According to Thayer Evans of Sports Illustrated, Pelini filed a defamation lawsuit against former FAU defensive line coach Matt Edwards, seeking damages in excess of $25,000. (Edwards is now the defensive coordinator at Tiffin University in Ohio; Pelini was hired earlier this month as Youngstown State’s defensive line coach.) Pelini alleges that Edwards turned his then-boss in for using cocaine and marijuana after Pelini confronted Edwards about an alleged inappropriate relationship with a woman close to the program named Allison Stewart.

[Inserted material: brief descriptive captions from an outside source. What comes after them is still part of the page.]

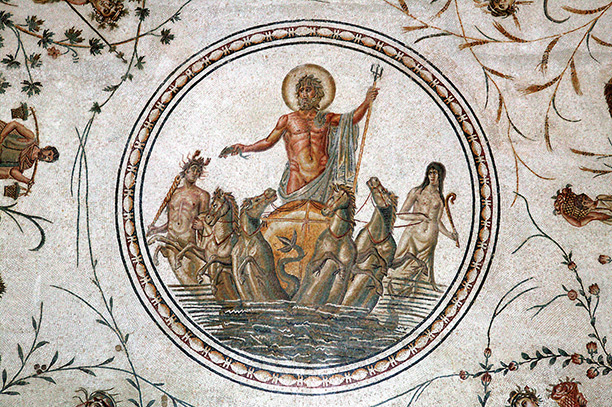 Re-emergence: a mosaic of Neptune, Carthage, first century AD. Rooster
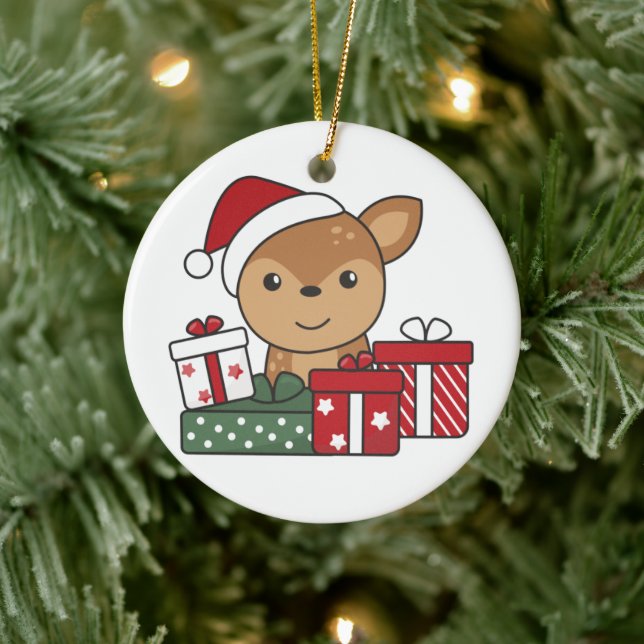 Deer Christmas Gift Winter Animals Deer Ceramic Or Tree Decoration (Tree)
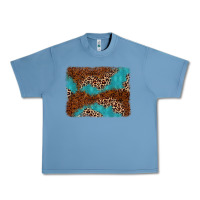 Pebble Blue turquoise glitter leopard background Urban Heavy Tee - AdoDesignShop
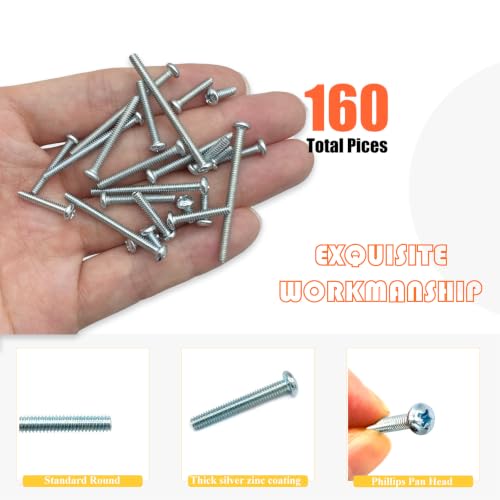 160 Pcs 8 Sizes #4-40 Machine Screws Knob Screw Cabinet Screws Electricians Screw, Carbon Steel Zinc-Plated Phillips Pan Head Machine Screws Assortment Kit - size: #4-40-8Size-160P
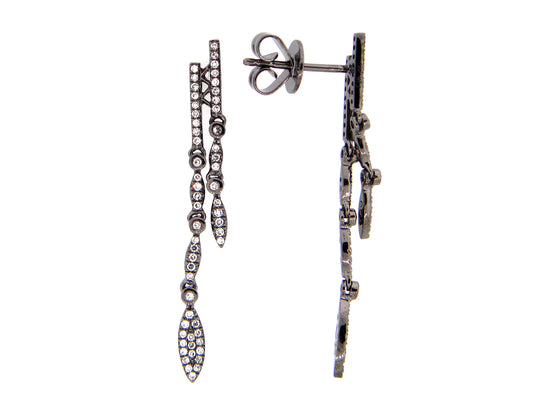 DIAMOND EARRING, 14K BLACK FINISH (N)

“It’s been a very frustrating time,” Pelini told SI. “An embarrassing time. There’s a lot of false information and misinformation out there. Everybody seems to have a theory as to what happened. I feel like this is going to be an opportunity for me to go under oath and state the facts as they really happened.”

Stewart reiterated her claim in a phone conversation with SI that she witness Pelini using drugs.

Pelini said he waited until landing a job on his brother Bo’s staff to file the suit because he didn’t want it getting in the way of any potential job prospects.

“People wonder why I’ve stayed quiet and not been more aggressive, but ultimately, I wanted to be hirable again,” he said. “I wanted to allow Youngstown State or any perspective employer to have some input on how I went forward. Different employers may have looked at it differently. I wanted to make sure this was approved before I went forward.”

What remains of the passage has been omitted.